O ex-chefe de Estado falou sobre Otelo depois de Adam Micnhik, jornalista e um dos rostos da resistência polaca ao comunismo, ter referido o nome do coronel a propósito da Revolução dos Cravos.

Soares sublinhou que os militares que fizeram o golpe do 25 de Abril de 1974 eram todos de baixa patente e tinham percebido no terreno que os conflitos nas colónias não tinham uma solução militar, sendo preciso negociar. «Mas não tinham cultura política», disse.

«Mas [Otelo] é uma pessoa de coração muito bom, apesar de tudo, que tem de ser considerada como uma pessoa que contribuiu para que nós hoje vivamos todos em liberdade. Eu tenho esse sentimento em relação a ele, e amizade em relação a ele, apesar de de vez em quando dizer assim a sua asneira. E eu digo-lhe a ele também, ele não se importa muito», acrescentou Mário Soares, sem nunca referir declarações recentes do capitão de Abril em que admitia a possibilidade de um golpe militar em Portugal.

Na mesma conferência, que decorreu na Universidade Católica Portuguesa, o antigo Presidente da República voltou a manifestar-se «profundamente preocupado com a Europa», considerando o projecto da União Europeia «o mais extraordinário que houve em toda a história da humanidade para que os povos vivessem em paz, em liberdade, em democracia e em solidariedade».

Porém, lamentou, as duas famílias político-ideológicas que fizeram a Europa - democrata-cristã e social-democrata - deixaram-se «colonizar pela economia de estilo americano» que defende que «a democracia tem de ser liberal e não social».

O resultado é, segundo Mário Soares, uma visão em que «aquilo que interessa é que os mercados funcionem».

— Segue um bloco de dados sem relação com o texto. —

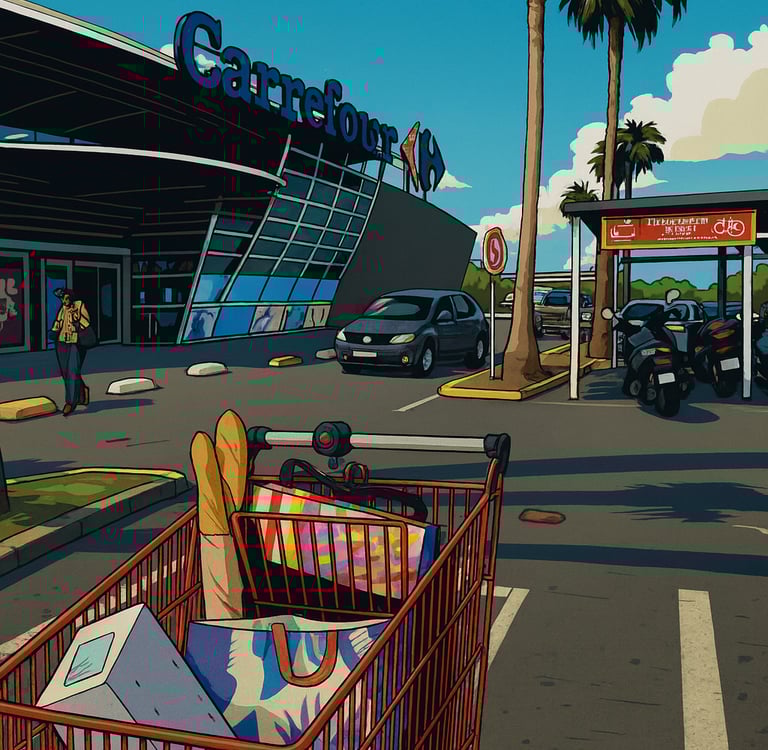 Réparation écran SAMSUNG A25 en Guadeloupe A25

«Os mercados mandam nos Estados e quase não há Estado», afirmou, dando um exemplo: «Aqueles imbecis [da agência Fitch] disseram que Portugal era lixo e isso passou a ser uma verdade absoluta e toda a gente começa a funcionar em função daquilo», acrescentou.

«É preciso é agir, agir civicamente e agir politicamente. E além de agir é preciso que tanto a senhora Merkel como o senhor Sarkozy, que se armaram em donos da Europa porque os mercados assim o querem, mudem de paradigma e aceitem mudar de sistema. Isto implica uma ruptura na União Europeia para o desenvolvimento da Europa e para que não vá tudo para o abismo», disse Mário Soares, que no final da conferência não quis comentar a greve geral de quinta-feira, afirmando que «é um simples cidadão» cuja opinião sobre esse assunto «não interessa».